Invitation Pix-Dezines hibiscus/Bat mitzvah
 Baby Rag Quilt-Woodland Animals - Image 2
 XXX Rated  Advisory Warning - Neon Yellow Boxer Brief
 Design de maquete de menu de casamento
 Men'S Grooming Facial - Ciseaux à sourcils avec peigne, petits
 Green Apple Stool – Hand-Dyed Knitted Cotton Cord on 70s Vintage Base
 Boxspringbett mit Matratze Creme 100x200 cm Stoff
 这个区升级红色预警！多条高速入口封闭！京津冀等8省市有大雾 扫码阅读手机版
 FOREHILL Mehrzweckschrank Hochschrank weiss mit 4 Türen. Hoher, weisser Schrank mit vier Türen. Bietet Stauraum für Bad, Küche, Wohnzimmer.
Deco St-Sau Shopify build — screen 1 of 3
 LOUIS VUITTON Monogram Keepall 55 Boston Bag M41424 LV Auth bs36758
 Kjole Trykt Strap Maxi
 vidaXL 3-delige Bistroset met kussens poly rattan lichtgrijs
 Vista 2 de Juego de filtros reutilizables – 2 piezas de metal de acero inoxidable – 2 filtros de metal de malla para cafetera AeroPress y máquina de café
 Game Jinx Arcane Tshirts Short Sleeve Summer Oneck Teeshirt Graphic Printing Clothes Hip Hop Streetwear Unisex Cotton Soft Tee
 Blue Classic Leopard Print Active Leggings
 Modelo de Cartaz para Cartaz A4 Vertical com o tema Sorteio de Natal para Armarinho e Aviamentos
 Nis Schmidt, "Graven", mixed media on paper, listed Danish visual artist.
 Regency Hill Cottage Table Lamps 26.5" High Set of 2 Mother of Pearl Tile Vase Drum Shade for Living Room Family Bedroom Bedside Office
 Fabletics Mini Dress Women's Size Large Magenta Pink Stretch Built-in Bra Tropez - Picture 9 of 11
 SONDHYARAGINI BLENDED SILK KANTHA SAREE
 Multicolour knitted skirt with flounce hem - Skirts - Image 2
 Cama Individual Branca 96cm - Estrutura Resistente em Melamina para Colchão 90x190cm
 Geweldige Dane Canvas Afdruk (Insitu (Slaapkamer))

→ **TASK DETAILS**: Within the listing, how many lines include the string "Image"? Supply the number and no further words.

→ **SOLUTION FOR THIS PROBLEM**: 2